The S&P 500 gave up 0.56% to 1,909.57. The Dow Jones Industrial Average was down 0.46% to 16,368.27. The Nasdaq fell 0.46% to 4,334.97. The vast majority of broad market sectors were weak. Down over 1%, health care was the biggest loser, followed by consumer discretionary, basic materials, and energy.
"We've entered a whole new level of geopolitical concerns that's creating growth worries for investors who would rather sell U.S. stocks today and ask questions later," said Andrew Wilkinson, chief market analyst at Interactive Brokers.
Wall Street's upbeat start was supported by a downtrend in U.S. jobless claims. But the mood quickly soured after Russia retaliated against Western trade sanctions by threatening to ban imports of food and agricultural products from Europe and the U.S. Pressures on the market intensified on news that President Obama was considering airstrikes against violent militants in Iraq who were targeting religious minorities.
European Central Bank President Mario Draghi said in a post-ECB press conference that geopolitical risks to the eurozone economy were rising and that the West's strained relations with Russia over Ukraine remains an area of uncertainty for the fragile eurozone economy.
CBS (CBS - Get Report) was flat at $56.91 in after-hours trading after reporting a profit of $439 million, or 76 cents per share, down from $472 million one year ago, but beating analysts' estimates of 72 cents per share. Zynga (ZNGA - Get Report) was dropping more than 7% to $2.71 after missing analysts' estimates for revenue in the second quarter.

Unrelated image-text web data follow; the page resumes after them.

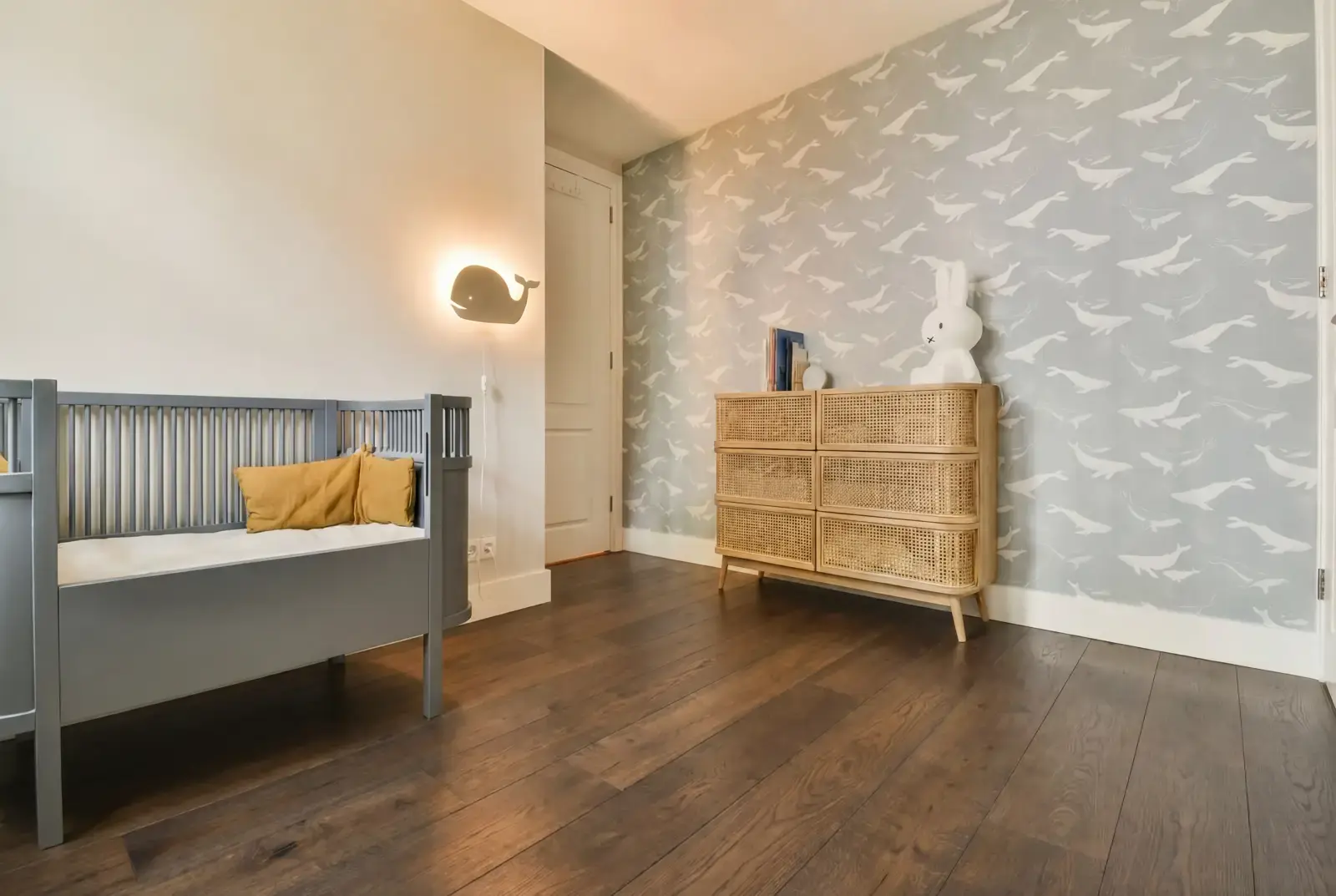 Multiplank eiken plank - Petra Rustiek Zwart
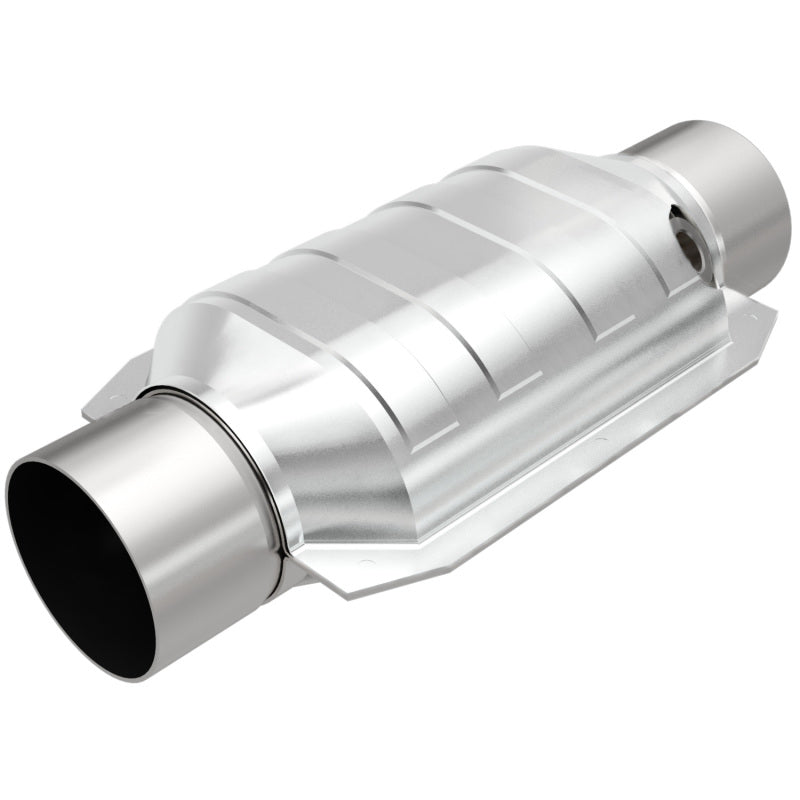 Magnaflow 94139 MagnaFlow Conv Univ 3 W/Single O2 Boss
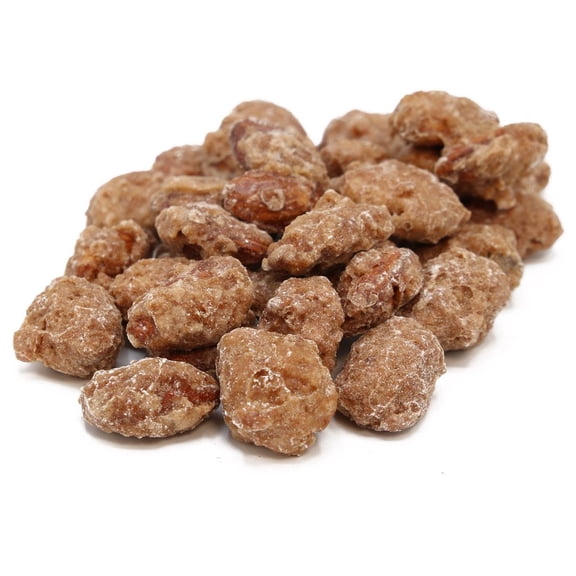 C.J. Dannemiller Cinnamon Almonds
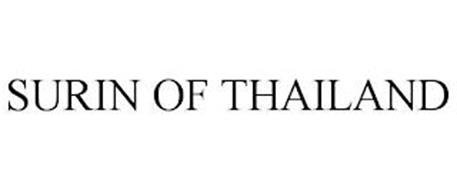 SURIN OF THAILAND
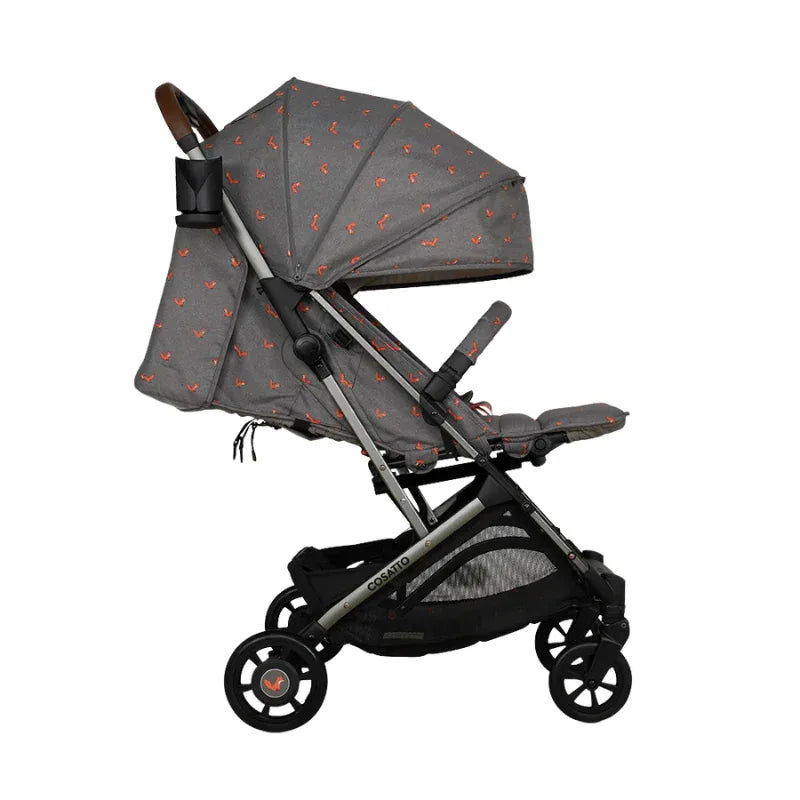 Cosatto CT5950 Woosh 4 бебешка количка FOXLING by Cosatto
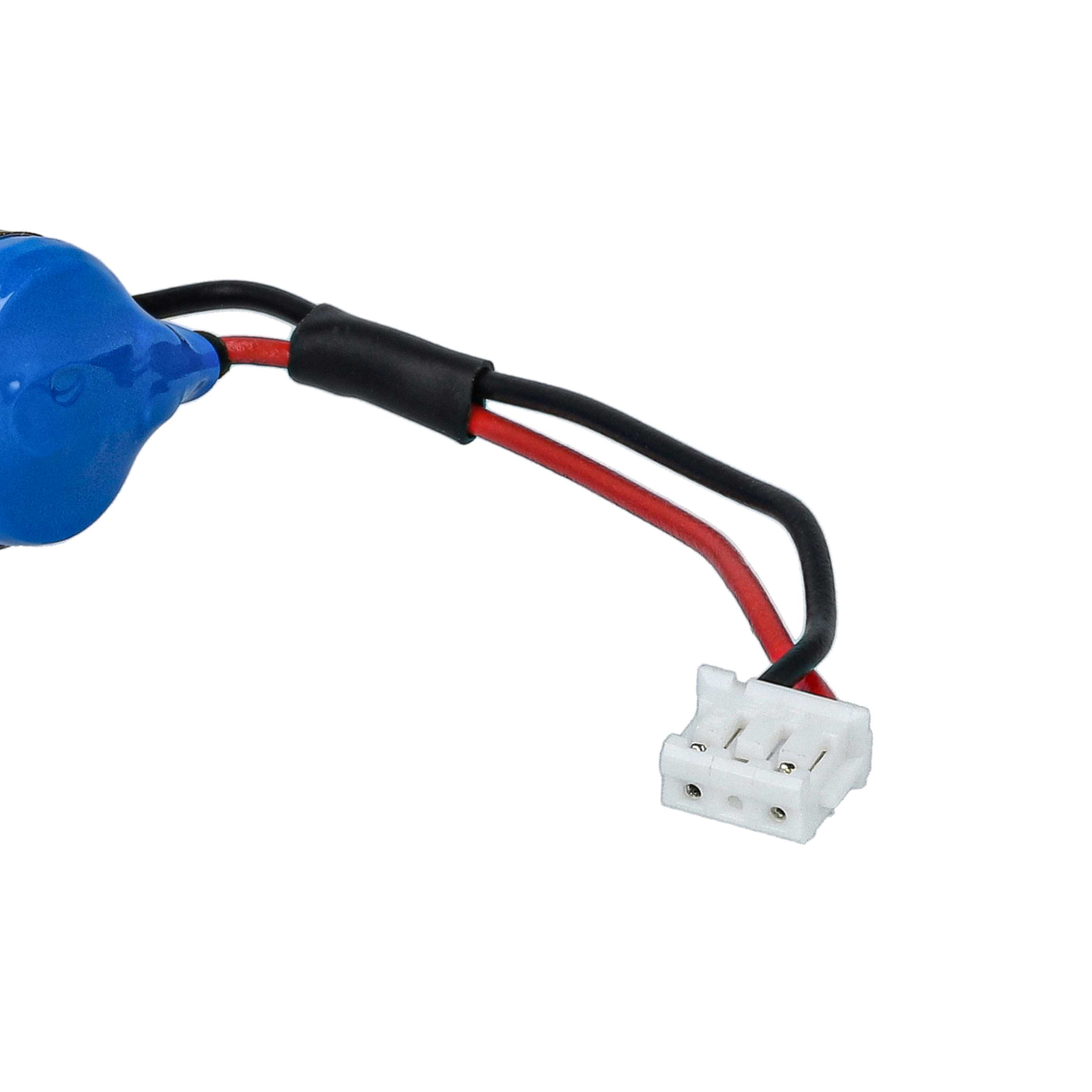Industrial Controller 5x Battery replaces Mitsubishi FX2NC-32BL - 450mAh 3.6V Li-MnO2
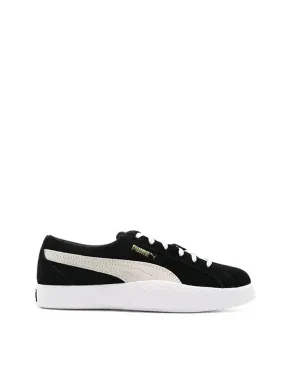 Puma Love Suede Trainer Puma Black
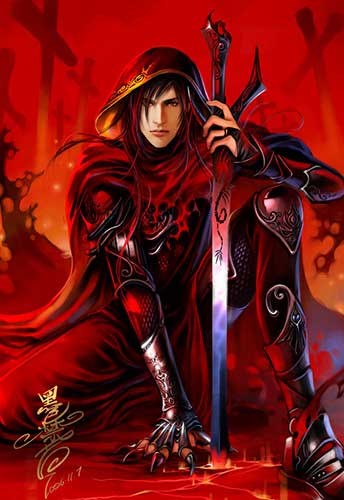 Quỷ Vương Lữ Bố Tại Dị Giới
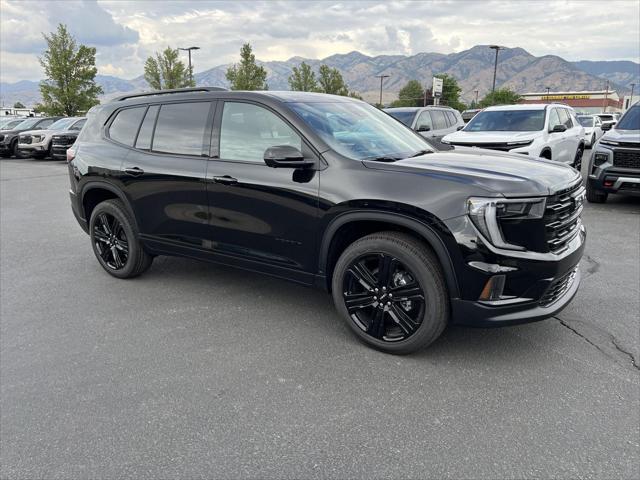 2026 GMC Acadia Elevation AWD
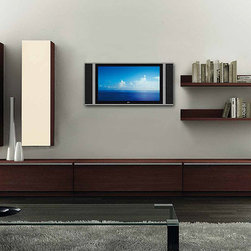Modern Wall Unit VV 4270 - $2070.00 - Products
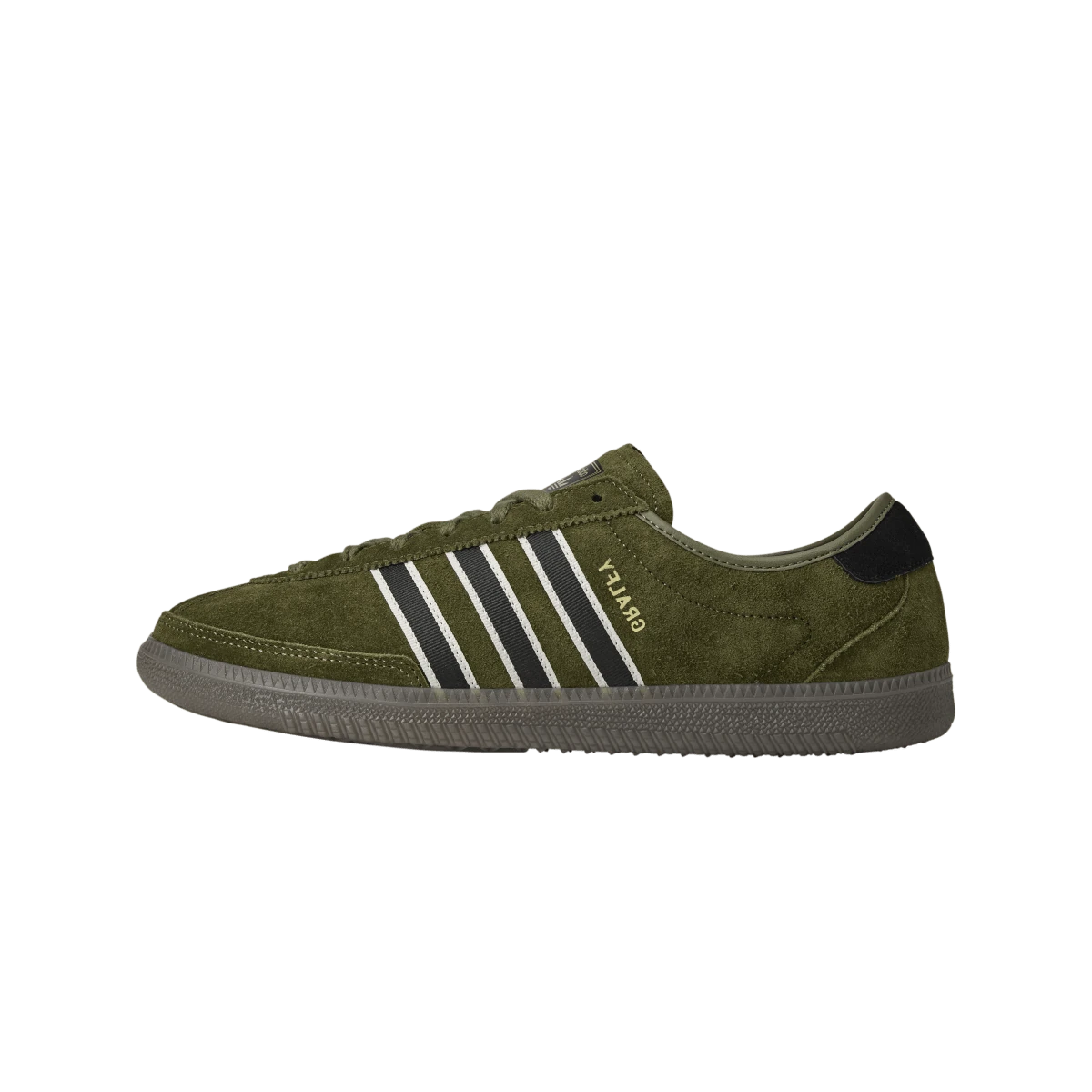 Adidas Gralfy II SPZL Dark Green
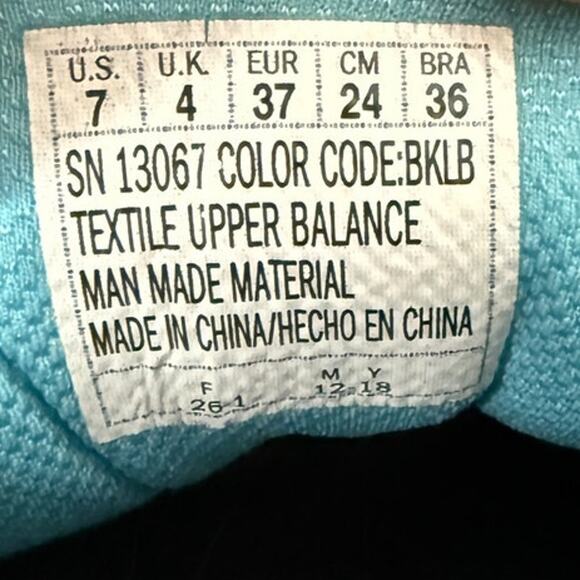 SKECHERS Flex Air Cooled Memory Foam SZ 7 - Picture 6 of 7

21st Century Fox (FOXA) reported on Wednesday better-than-expected fiscal fourth-quarter earnings a day after it called off its pursuit of rival media giant Time Warner (TWX). Shares of Fox surged 5.04% to $33.96.
Shares of Netflix (NFLX) were up 4.5% to $449.67 after it was reported that CEO Reed Hastings posted on Facebook (FB) that the company has beat Time Warner's HBO in subscriber revenue in the second quarter, adding that Netflix was "honored to be in the same league," according to CNBC. Time Warner shares were down 2.94% to $72.06.